Priorizando o mise-en-scène, os estilistas Rafael Varandas e Acácio Mendes posicionaram a plateia em pé, ao redor de uma pedreira cenográfica. A coleção veio com um ar vintage, misturando terninhos de veludo, casacos xadrez, gorros e boinas a elementos esportivos da escalada. “No pós-guerra, uma época próspera, muita gente não conseguia se enquadrar e acabava vivendo à margen da sociedade”, conta Varandas.
Rei do storytelling de moda, Ronaldo Fraga apostou dessa vez numa coleção inspirada em Cândido Portinari. Em uma carta ao artista, o estilista diz como imagina Guerra e Paz, obra das mais famosas de Portinari, sendo pintada hoje – e é esse o exercício criativo que transfere para suas roupas. Os vestidos aparecem estampados com cenas em que retirantes nordestinos dão espaço a refugiados e sem-terra. Diferentemente da obra original, Fraga acredita que Guerra e Paz falaria agora da soja e não do café, assim como das florestas entregues ao agronegócio, das opressões que as minorias têm sofrido e de políticos-hienas.

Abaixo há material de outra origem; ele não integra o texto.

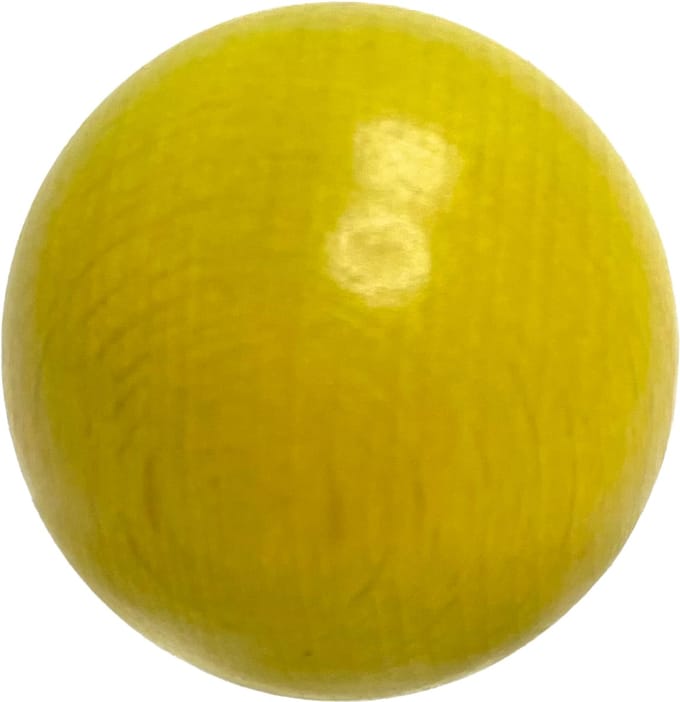 Boulemaus - Jeu de Boules - 6 Buts - kleur geel - 30mm
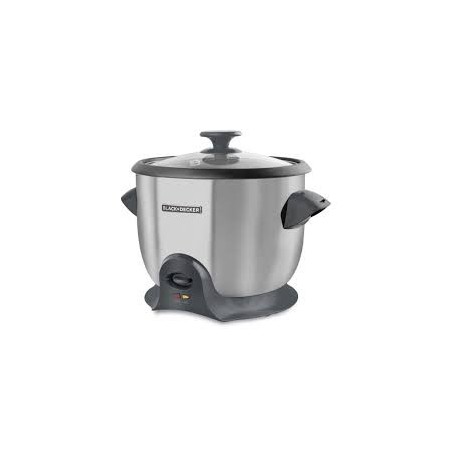 Black + Decker olla arrocera 20 tz cocidas inox RC620SS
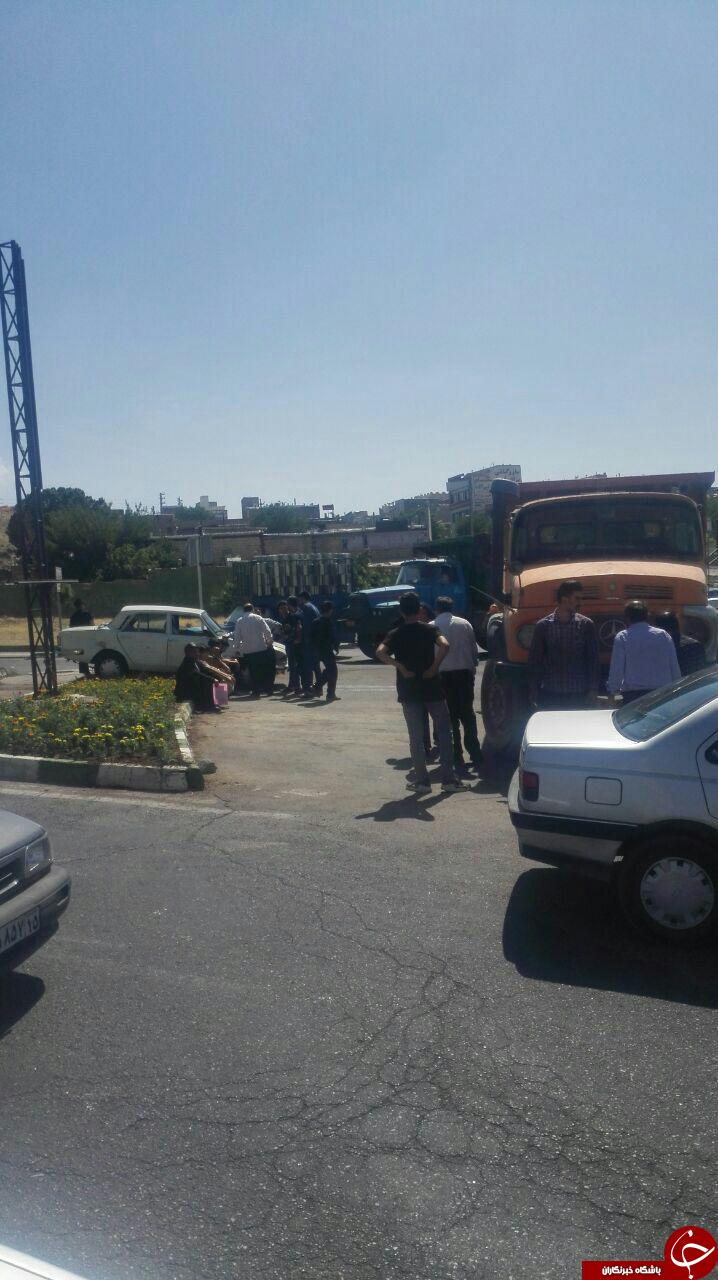 تصادف کامیون با پیکان در هوجقان + تصاویر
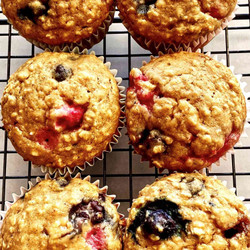 High-fiber Breakfast Muffins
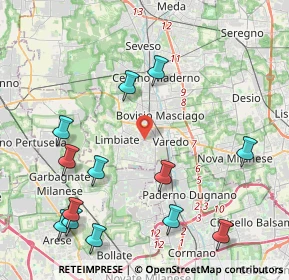 Mappa Limbiate, 20812 Limbiate MB, Italia (5.07231)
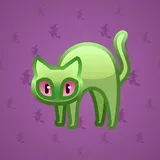 Scared Cat #13814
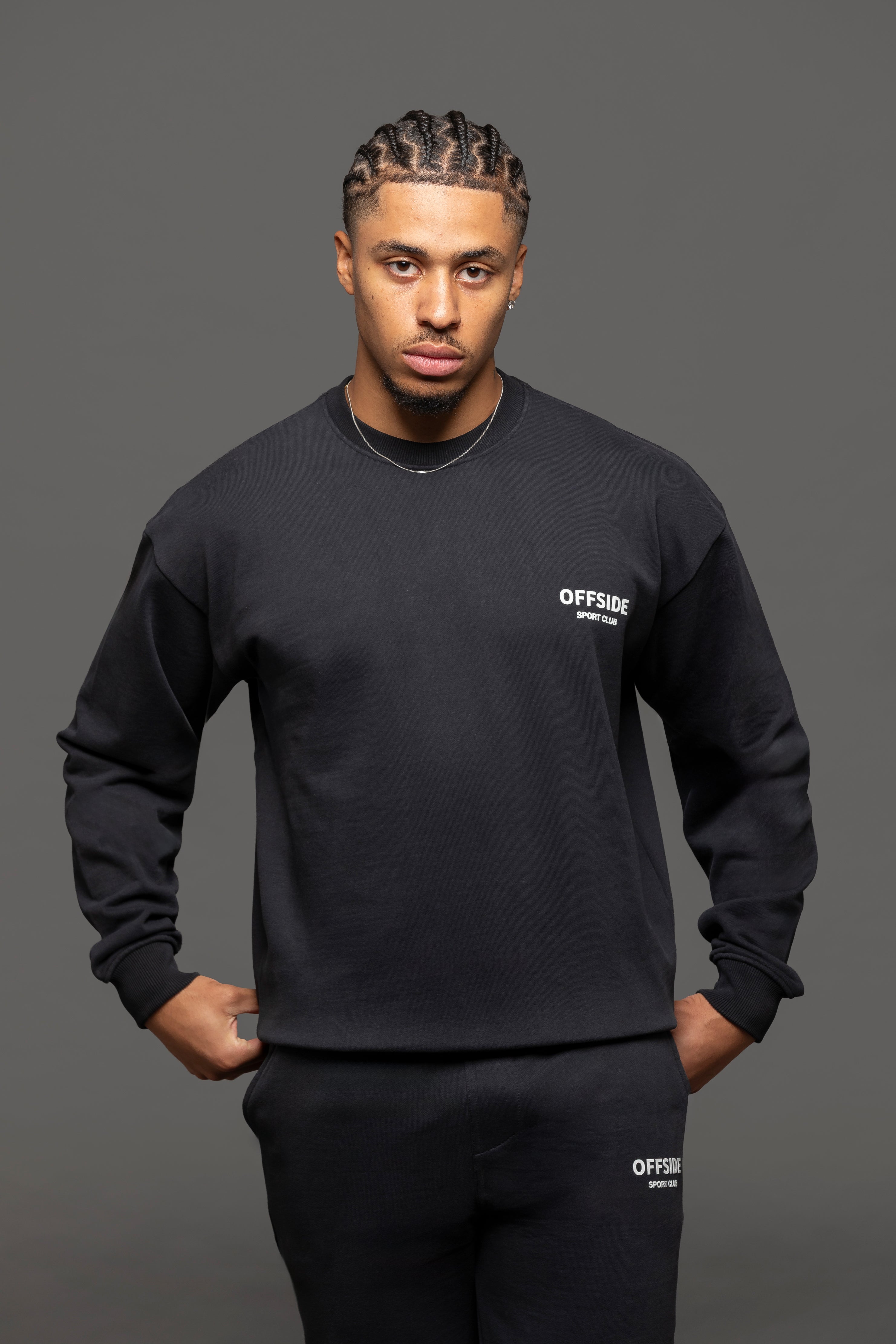 Sport Club Sweater - Black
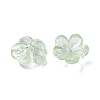 Dyed & Heated Glass Bead Caps GLAA-C042-01L-2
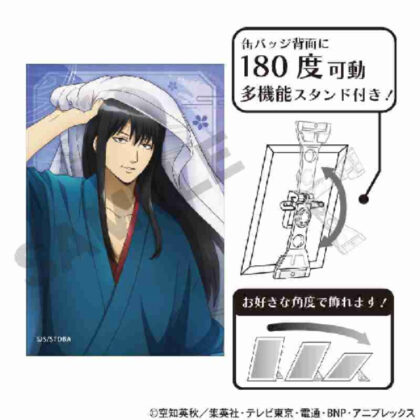 (s)銀魂 アート缶バッジ 桂小太郎 春の錦 送料別880円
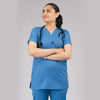 Pro-fit Ocean Blue Vneck Women scrubs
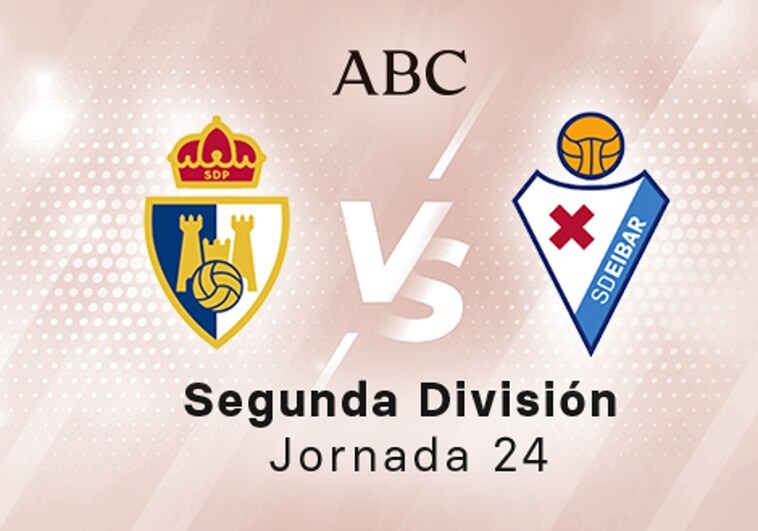 Ponferradina - Eibar en directo hoy: partido de la Liga SmartBank, jornada 24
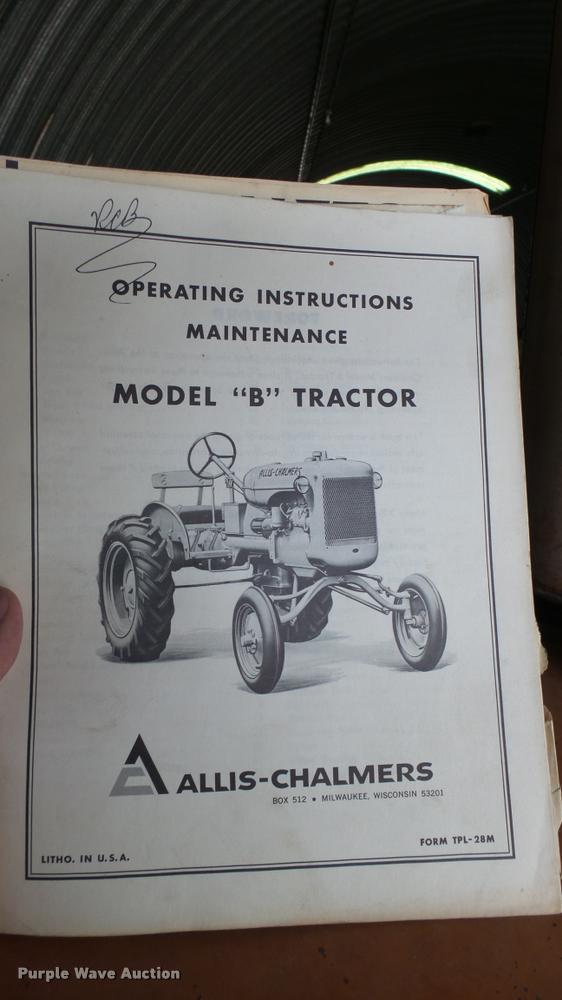 image for item DM9182 1949 Allis Chalmers C tractor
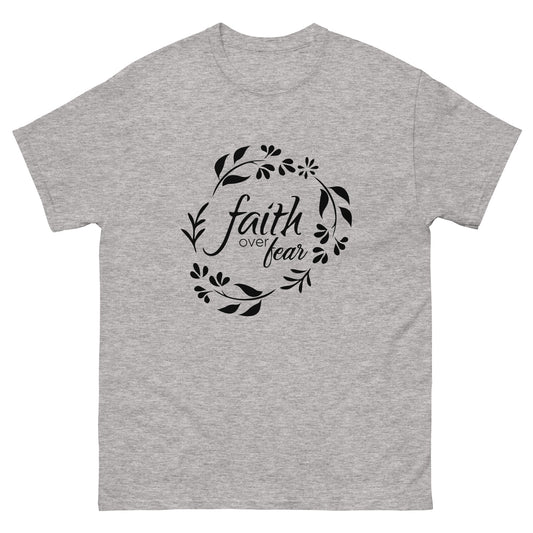 Faith Over Fear (Black design) - Men's classic tee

Já no desfile da Apartamento 03, o estilista Luiz Cláudio explorou duas linhas opostas. A primeira com linho em uma alfaiataria chique com formas amplas e belos paletós, e também em vestidos plissados multicoloridos. A segunda leva veio artificial, com paetês gigantes translúcidas e telas com vidrilhos.
A explicação para a bifurcação criativa veio de uma constatação: as pessoas hoje estão obcecadas pela beleza perfeita, abusando do botox e se “plastificando”. Por isso, ele quis refletir sobre a beleza do natural, usando o linho que é um tecido que amassa e os plissados, numa alusão às rugas, versus a textura fake dos materiais sintéticos.
É verdade que, às vezes, essas histórias podem soar banais. Mas é difícil imaginar dezenas de looks com modelagens complementares, estampas originais e cores coordenadas, sem que haja um tema, um ponto de referência. Mirar em um universo estético, ou até intelectual, é default para estilistas que conseguem imprimir seu estilo e passar uma mensagem na passarela.
Não à toa, até por trás da moda praia chique e minimalista da Haight, de Marcella Franklin, existe uma explicação filosófica. “Desenvolvemos a cartela de cores com referências extraídas das figuras na natureza como areias, argilas e terra. E trazemos diferentes tons de bege aquecidos pelos vermelhos, representando as camadas que constroem a figura humana na natureza.”